Aside from a few brief and passing references to his artistic habits, Steele directs most of his comments to the history of each homestead or run that Martens sketched and painted. I kept wishing he would tell us more – particularly about those events contemporary with the sketches. As the works themselves do nothing to alter our present understanding of Martens or his work, it’s my feeling that the latter should have been used as the skeleton or springboard for a social history. And the first question such a book would ask would surely be: why did Martens choose to visit the northern settlement, rather than the western district of Victoria? One doubts if the northern landscape is inherently more amenable to the artist’s pictorial demands, or that he was more likely to find clients there. Something else must have decided him.

I imagine that many people would think Ted Andrew suffers from too much imagination: In his self-published ‘vanity’ book this ex-shearer’s cook and amateur painter has written a tract for the times and illustrated it with six colour reproductions of his paintings.
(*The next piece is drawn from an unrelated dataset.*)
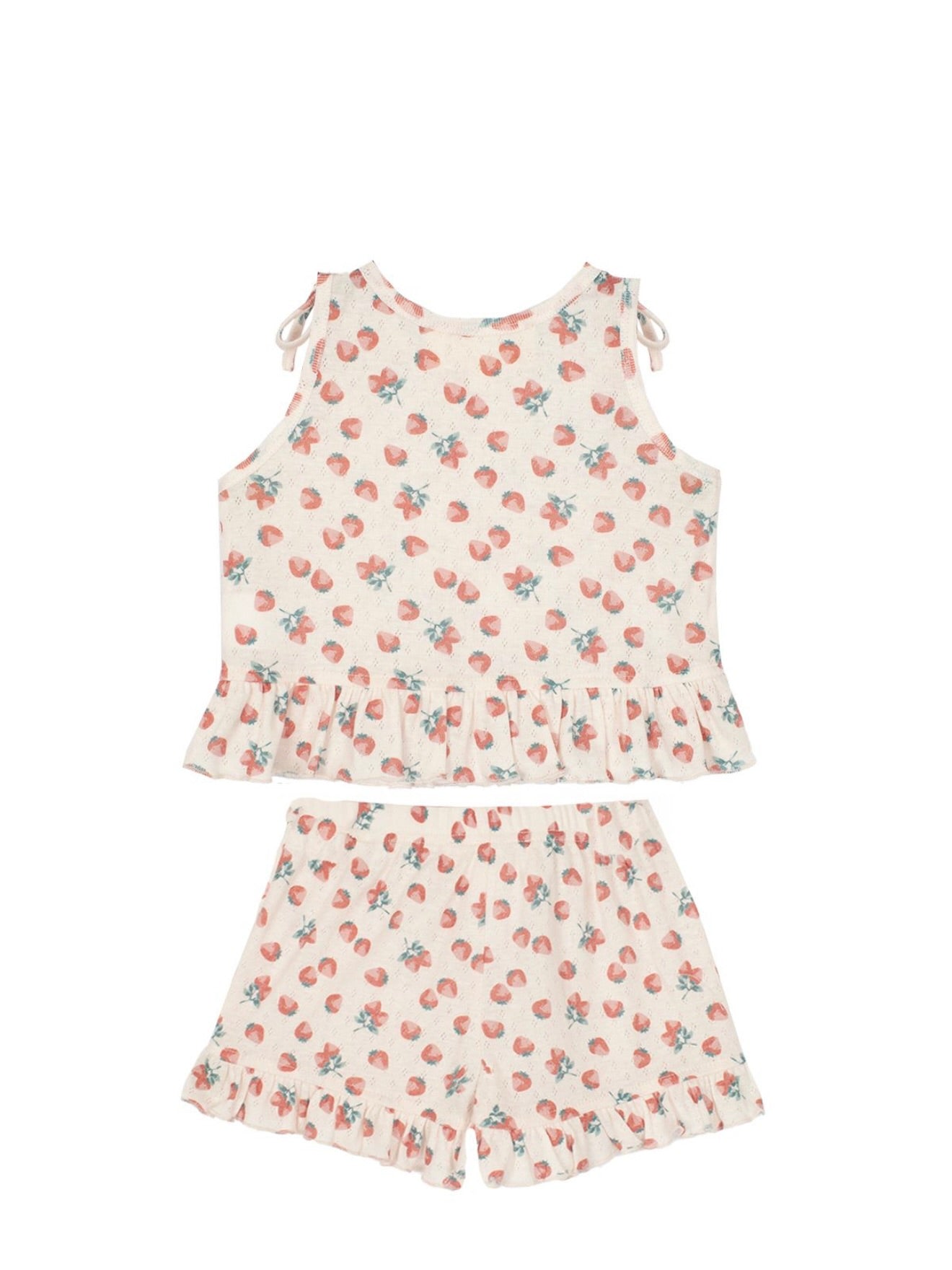 Strawberry Sweetheart 2 Piece Set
Even with their vaguely primitivist touch the paintings are awful, but the text hammers away at our indifference to the threat of a nuclear catastrophe, our love of filthy lucre, at the same time as it declares the author’s faith in a benevolent deity.

Though I found myself agreeing with much of what he had to say, I kept wishing he had written an autobiography instead, for he belongs to that now forgotten breed of opinionated and self-educated social radicals Australia once produced in abundance. You know, someone like Percy Cerutty, not your callow sociology student, your unscrupulous ‘educational worker’.